Köse yazarımız Zeki Baştürk makalesinde;
Tam bir yıl geçti aradan. Gecenin bir yarısı . Gece karanlık. Gece sessiz. Gece soğuk. Geceyi yırtan bir sesle yıkıldı evler. Bir yıl önce tam da bugün yerle bir oldu onbir kent. Binlerce insan, yıkılan enkazın altında kaldı. Kimi enkazın altında hemen yaşamını yitirdi. Kimi canını kurtarmak için sesini duyurmaya çalıştı.
Günlerce kimse duymadı bu çığlıkları. ” Sesimi duyan var mı? sorusuna yanıt gelmedi yetkililerden. Göçük altında kurtarılmayı beklediler umarsızca. Seslerini duyurmaya çalıştılar var güçleriyle. Umutlar boşa gitti. Kimileri soğuktan donarak öldü, kimileri tonlarca ağırlığın altında ezilerek yitirdi yaşamını.
Ayakta ve hayatta kalanlar, sevinemediler yaşadıklarına. Başlarını sokacak yerleri yoktu. Gecenin ayazı iliklerine dek işliyordu. Ne üstlerine giyecek bir giysi ne ayaklarına giyecek bir ayakkabı. Elektrikler kesik, telefonlar çalışmaz, yollar işlemezdi. Ulaşamadılar yetkililere, ulaştıramadılar sorunlarını. Aç, susuz , umarsız beklediler yakınlarının çıkarılmasını enkaz altından.
Günlerce çadır verilemedi bu insanlara. Bir sıcak çorba geçmedi boğazlarından. Bir çorap bulamadılar ayaklarına giyecek. Aç ve açıkta, ayazda kaldılar günlerce. Yetkililer, duymadı çığlıkları, feryatları.
Türk halkı kara gün dostudur. El ele verip koştular deprem bölgesine. Ellerinde ne varsa taşıdılar bu insanlara. “Dost, böyle günde belli olur” dediler, yardıma koştular. Hiç olmazsa acılarını paylaştılar depremzedelerin. Çağdaş yöneticiler, ” önce insan” ilkesiyle çalışan yerel belediyeler el uzattı acılı insanlara. Sivil Toplum Kuruluşları’, yerel belediyeler, spor kulüpleri koştular. Futbolcular duyurmaya çalıştı bu acılı insanların sesini.

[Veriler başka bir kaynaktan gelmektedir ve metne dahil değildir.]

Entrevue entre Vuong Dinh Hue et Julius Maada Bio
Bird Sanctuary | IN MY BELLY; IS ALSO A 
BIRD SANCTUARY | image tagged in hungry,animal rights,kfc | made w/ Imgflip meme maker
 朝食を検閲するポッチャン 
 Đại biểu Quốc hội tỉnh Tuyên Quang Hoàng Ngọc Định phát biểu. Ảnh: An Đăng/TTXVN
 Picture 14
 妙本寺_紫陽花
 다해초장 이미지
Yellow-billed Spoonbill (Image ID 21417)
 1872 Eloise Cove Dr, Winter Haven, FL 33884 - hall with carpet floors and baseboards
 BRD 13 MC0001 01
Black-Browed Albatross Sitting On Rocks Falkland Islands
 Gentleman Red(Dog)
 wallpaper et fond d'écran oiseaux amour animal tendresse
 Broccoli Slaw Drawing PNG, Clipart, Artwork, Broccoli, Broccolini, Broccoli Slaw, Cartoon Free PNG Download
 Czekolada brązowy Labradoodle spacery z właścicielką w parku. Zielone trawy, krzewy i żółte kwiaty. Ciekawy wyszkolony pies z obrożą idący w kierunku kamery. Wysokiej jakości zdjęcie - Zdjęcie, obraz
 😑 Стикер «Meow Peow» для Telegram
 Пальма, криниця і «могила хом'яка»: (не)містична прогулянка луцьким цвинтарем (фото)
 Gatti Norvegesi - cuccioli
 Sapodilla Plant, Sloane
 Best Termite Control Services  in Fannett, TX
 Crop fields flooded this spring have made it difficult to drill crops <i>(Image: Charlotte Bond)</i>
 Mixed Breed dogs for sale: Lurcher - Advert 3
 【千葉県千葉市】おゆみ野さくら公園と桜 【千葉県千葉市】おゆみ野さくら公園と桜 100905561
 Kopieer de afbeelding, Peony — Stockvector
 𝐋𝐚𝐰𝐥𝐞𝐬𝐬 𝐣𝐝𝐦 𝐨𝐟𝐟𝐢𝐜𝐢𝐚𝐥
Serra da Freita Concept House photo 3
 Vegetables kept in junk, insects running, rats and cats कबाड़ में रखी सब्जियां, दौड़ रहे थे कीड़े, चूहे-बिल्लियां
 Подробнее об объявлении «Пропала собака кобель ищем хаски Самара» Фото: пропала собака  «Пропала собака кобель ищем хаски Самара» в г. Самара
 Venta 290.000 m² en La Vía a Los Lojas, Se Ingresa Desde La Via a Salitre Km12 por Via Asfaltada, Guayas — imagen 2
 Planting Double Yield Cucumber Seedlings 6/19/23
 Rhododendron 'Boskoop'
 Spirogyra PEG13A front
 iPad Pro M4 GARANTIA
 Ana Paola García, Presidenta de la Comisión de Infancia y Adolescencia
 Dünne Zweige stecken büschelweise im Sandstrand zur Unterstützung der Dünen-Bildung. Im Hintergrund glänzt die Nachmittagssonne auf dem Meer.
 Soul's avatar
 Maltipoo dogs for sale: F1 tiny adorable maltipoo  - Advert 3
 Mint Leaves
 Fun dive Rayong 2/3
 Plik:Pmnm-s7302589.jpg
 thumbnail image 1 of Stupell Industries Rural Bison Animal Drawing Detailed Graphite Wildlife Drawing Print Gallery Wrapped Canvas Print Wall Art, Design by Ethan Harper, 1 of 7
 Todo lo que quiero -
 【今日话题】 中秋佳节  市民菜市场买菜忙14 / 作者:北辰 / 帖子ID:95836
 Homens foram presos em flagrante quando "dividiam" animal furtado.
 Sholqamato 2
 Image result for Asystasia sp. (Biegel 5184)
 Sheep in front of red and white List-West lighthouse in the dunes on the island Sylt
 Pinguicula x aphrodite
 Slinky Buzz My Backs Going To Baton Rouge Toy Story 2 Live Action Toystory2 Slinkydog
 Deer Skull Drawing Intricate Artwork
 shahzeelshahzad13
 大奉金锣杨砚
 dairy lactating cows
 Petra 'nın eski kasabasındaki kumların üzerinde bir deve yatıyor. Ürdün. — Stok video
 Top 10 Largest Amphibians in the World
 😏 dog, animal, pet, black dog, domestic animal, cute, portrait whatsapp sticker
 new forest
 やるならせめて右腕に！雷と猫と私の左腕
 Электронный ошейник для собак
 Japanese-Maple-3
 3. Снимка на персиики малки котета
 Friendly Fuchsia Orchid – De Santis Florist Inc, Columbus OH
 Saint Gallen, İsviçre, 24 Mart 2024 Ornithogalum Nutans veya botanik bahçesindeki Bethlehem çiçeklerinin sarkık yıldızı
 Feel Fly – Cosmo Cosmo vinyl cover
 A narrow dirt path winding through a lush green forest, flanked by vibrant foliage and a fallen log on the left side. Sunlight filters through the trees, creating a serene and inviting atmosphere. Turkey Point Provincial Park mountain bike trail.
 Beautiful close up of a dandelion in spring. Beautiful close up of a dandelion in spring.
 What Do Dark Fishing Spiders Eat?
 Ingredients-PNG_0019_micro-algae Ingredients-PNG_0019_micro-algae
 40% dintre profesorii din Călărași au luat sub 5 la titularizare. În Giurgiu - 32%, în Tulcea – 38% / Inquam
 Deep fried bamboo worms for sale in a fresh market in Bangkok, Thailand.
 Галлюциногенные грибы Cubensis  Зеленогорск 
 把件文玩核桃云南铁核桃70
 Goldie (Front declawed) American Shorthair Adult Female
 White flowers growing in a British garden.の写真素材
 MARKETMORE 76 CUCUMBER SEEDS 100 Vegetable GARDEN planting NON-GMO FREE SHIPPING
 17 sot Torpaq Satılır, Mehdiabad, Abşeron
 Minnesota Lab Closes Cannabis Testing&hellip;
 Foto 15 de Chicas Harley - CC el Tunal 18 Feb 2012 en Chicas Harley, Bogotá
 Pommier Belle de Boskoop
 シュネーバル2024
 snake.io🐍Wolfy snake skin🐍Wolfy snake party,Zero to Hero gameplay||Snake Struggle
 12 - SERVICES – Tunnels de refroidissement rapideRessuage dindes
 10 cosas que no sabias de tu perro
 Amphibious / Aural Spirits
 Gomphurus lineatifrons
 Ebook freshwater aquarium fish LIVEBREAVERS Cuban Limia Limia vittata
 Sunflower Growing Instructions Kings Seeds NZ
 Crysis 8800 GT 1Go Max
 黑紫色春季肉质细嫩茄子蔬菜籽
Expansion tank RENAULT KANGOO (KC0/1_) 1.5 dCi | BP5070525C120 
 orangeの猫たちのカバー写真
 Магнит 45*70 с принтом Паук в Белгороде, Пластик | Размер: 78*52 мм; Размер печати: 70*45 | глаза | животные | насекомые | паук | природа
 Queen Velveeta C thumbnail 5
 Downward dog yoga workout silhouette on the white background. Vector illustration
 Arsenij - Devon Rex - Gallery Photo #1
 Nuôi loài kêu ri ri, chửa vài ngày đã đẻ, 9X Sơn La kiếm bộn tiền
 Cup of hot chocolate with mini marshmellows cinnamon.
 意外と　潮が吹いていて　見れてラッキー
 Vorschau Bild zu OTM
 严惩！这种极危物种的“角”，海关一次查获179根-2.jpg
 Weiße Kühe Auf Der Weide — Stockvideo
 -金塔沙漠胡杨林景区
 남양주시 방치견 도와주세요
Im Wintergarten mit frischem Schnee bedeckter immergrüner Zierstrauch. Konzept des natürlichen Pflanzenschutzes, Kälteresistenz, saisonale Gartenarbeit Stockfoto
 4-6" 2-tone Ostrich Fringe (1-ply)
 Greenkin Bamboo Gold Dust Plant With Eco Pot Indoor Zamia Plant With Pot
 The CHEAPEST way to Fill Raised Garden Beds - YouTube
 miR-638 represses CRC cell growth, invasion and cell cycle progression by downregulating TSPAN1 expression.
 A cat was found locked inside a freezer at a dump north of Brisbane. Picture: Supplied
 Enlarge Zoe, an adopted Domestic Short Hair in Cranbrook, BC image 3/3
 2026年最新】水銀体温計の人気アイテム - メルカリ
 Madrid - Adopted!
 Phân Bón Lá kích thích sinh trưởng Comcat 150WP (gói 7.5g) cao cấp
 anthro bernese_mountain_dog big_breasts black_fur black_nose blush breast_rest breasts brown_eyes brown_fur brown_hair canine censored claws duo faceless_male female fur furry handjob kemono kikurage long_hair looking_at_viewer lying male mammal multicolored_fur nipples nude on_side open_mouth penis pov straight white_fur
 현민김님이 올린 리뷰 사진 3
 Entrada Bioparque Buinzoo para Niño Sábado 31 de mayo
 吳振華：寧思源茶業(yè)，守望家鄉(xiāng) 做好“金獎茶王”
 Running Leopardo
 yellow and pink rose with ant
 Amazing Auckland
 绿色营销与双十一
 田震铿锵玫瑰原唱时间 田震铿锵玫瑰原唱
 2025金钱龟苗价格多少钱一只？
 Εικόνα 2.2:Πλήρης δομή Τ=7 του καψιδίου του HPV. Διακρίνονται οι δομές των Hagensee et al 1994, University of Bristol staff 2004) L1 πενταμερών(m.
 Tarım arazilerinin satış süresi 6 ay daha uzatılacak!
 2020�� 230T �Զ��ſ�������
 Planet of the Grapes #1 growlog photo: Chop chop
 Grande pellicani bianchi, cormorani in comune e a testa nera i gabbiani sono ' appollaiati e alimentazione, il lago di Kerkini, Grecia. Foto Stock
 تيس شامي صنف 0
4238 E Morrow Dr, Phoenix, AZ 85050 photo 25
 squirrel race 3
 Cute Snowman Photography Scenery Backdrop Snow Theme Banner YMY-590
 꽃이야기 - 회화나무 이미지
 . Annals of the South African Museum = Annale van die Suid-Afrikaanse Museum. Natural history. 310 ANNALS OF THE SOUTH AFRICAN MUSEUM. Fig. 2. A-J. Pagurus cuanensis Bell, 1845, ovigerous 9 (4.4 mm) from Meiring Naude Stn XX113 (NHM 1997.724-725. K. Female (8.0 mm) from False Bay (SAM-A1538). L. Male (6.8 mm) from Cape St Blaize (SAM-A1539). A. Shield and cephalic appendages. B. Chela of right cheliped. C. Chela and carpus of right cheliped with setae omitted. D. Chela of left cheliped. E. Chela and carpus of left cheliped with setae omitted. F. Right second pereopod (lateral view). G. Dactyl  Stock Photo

Duymadı bu çığlıkları yetkililer. Duyarsız kaldılar. En çok da bu duyarsızlık ve ilgisizlik kanattı yaralarını. Bu umarsızlık derinleştirdi acılarını. Bir gömlek, bir çadır er geç bulunur elbet. Bizim insanımız dayanıklıdır acılara. Bizim insanımız, açlığa, yokluğa, yoksulluğa, en zor koşullara kutlanmasını bilir. Bilir de dayanamaz kendilerini yönetenlerin ilgisizliğine ve duyarsızlığına.
Çünkü, devlet ” ana”dır, çünkü devlet, ” baba”dır halkın gözünde. Analık, babalık böyle günlerde belli olur. Baba yardıma koşar, ana tüm sevecenliği ile sarıp sarmalar yavrusunu. Depremzedeler göremedi ne anayı ne de babayı bu zor gününde. Korumayı bırakın yardım çadırlarını bile satmaya kalkıştılar.
“Bir insan, acı duyuyorsa canlıdır. Başkasının acısını duyabiliyorsa insandır.” Bugün hepimiz, Maraş’ın, Hatay’ın, Adıyaman ‘in acısını duyabiliyoruz. Henüz çözüme kavuşan hiç bir sorun yok. Kalkmayan enkazlar, bulunmayan kayıplar, sarılmayan yaralar var. Bu da hem bizi hem oralarda yaşayanları üzüyor.
Çünkü bizler insanız. İnsanca duygularımız yaşıyor her şeye karşın. İnsan olmak özge şeydir.